7. Considerazioni conclusive.

Essendo evidente che il libero, non regolato, gioco delle forze costituenti la compagine sociale non riesce a garantire una valida tutela delle minoranze, il legislatore italiano ha realizzato un efficiente sistema di governo con l’introduzione dell’obbligo del voto di lista, richiedendo l’elezione di almeno un amministratore e un sindaco effettivo (se il consiglio sia composto da meno di 7 amministratori) tra i candidati componenti le liste presentate dalla minoranza [94], così assicurando una maggiore rappresentatività delle minoranze tramite un sistema di valore sia in assenza di amministratori non esecutivi [95] sia in presenza di un azionariato concentrato [96]. Tenendo a mente la struttura dei sistemi sopra tratteggiati e le considerazioni di volta in volta compiute, si deve anzitutto evidenziare non vi sia stato (fortunatamente [97]) un “trapianto” [98] di tali sistemi in Italia [99] né viceversa, nonostante i rischi di un rigetto a seguito di un simile xenotrapianto siano, secondo attenta dottrina, circoscrivibili e il sistema statunitense possa pertanto allinearsi senza difficoltà all’approccio italiano, eventualmente con un coinvolgimento del Consiglio degli investitori istituzionali (CII) [100], che potrebbe svolgere un ruolo non difforme da quello di Assogestioni. Dopotutto, il CII è anch’esso un’associazione senza scopo di lucro, fondata nel 1985 e comprendente attualmente circa 125 investitori istituzionali i cui attivi superano complessivamente i tre trilioni di dollari, volto a promuovere gli interessi degli investitori istituzionali negli Stati Uniti. Il medesimo, peraltro, già nel 2015, aveva appoggiato il proxy access negli States [101]. L’esempio italiano mantiene dunque la propria unicità, perlomeno nella soluzione tecnica che propone.
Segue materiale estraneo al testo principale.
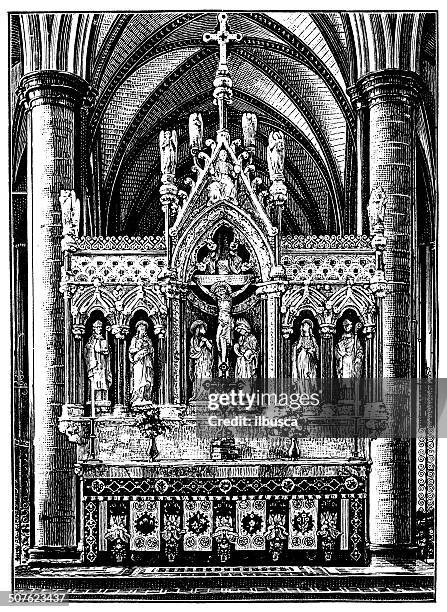 antique illustration of reredos, salisbury cathedral - salisbury cathedral stock illustrations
A questo potrebbero dunque validamente ispirarsi i sistemi esteri che, anche grazie all’autodisciplina, così realizzerebbero pure un autentico bilanciamento sotto il profilo dei connotati professionali (formazione, esperienza, professionalità, …) e personali (onorabilità, etica, genere, correttezza del­l’a­zio­ne amministrativa o loyalty) degli amministratori [102].